You will be enrolled in the Canvas site automatically.

Course Description

This course will focus on intellectual freedom issues with youth, the value of youth literature to enhance individuals’ lives, the ethics of intellectual freedom, the psychology of censorship and how to combat it, and how to defend materials for youth.

Course Requirements


NOTE: The Instructor uses “I” or “me” throughout the document.

This course will open on CANVAS Wednesday, January 26, 2022

  • Students are responsible to review the Syllabus and the Canvas course site.
  • These two important information sources (Syllabus and Canvas Course site) work in tandem to give students directions, requirements, and information needed to be successful in understanding issues in intellectual freedom for youth. You need to understand both.
  • Questions should be posted to the instructor through the "Ask The Professor" discussion tread on the Canvas site.
  • Each student is expected to check the CANVAS site at least once per day for course updates, additional resources, announcements, and other new information that may be posted by the instructor.
  • The student should read the Syllabus carefully and then visit the website and read through the course website. Ask questions, if needed, after you review the syllabus or Canvas course site. Compile questions or clarifications that you need to ask and post questions to the Questions and Answers Discussion Thread.
  • The instructor makes every effort to proofread the information in both the syllabus and the Canvas course website. However, errors may occur. If you find an error please let the instructor know where on the website you found it (example - give where the error is by section name - Under Module 6 for example).

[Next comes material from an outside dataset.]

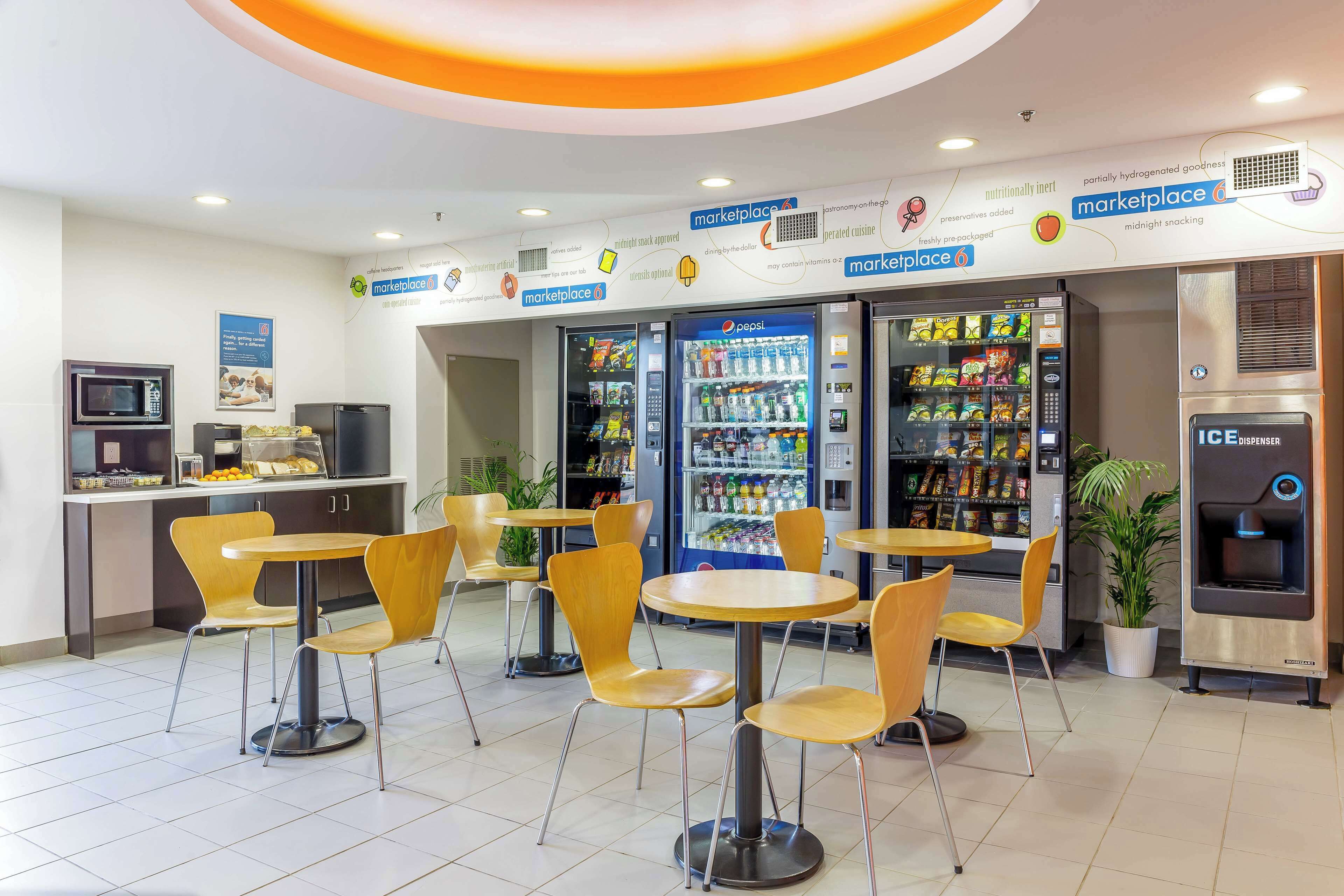 Un café moderne avec des tables rondes et des chaises jaunes, des distributeurs automatiques et un réfrigérateur rempli de produits Pepsi.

Questions, Comments, Concerns- Discussion Thread

Please post all questions, concerns, and general comments on the discussion thread "ASK THE PROFESSOR" on the CANVAS class site. If the question or concern is of a personal nature you may send directly to the instructor’s email address ( 

E-mail Subject Lines/Naming of Assignment Files – Mandatory

  • Format for subject line for all email correspondence
  • Format the file name for all assignments:

Official iSchool Email Policy:

  • Instructor will respond to student emails within 24-hours of receipt but instructor makes every effort to answer emails on the same day received. The instructor will inform the class if a longer response time is needed (instructor out of town, illness, etc.).

  • Students are expected to promptly answer emails from the instructor and fellow students.

Crisis or Emergency:

  • Please CALL, TEXT or EMAIL the instructor (in advance if at all possible) if a situation will prevent you from completing assignments or another class activity.
    Please use or 510-410-1959 (call or text).
  • You will receive a zero for any missed coursework unless you have received permission from the instructor for an extension.
  • Extensions are granted for extenuating circumstances only and not for being overwhelmed at work (for example). Extensions need to be requested if at all possible 72 hours before the due date.
  • The instructor reserves the right to deduct points (the number of points is determined by the instructor) for any work not submitted on time or lack of participation in any class activities or assignment.

Course Calendar - Subject to change with fair notice.

Technology Requirements You will need a high-speed connection (DSL, cable, etc.) to successfully participate in this class. Please see the Technology Requirements and Instructions for Success handout.

Grading/Grading Rubric

  • The instructor provides a rubric inside the Canvas Speedgrader and more details on evaluation criteria for all assignments. The instructor grades assignments as quickly as possible but it may take up to three weeks to get an assignment completely graded and returned to the class if class size is large and the instructor has additional classes to teach during the semester. 
  • The instructor will post grading updates on the announcements page to let students know where in the grading process of a certain assignment the instructor is.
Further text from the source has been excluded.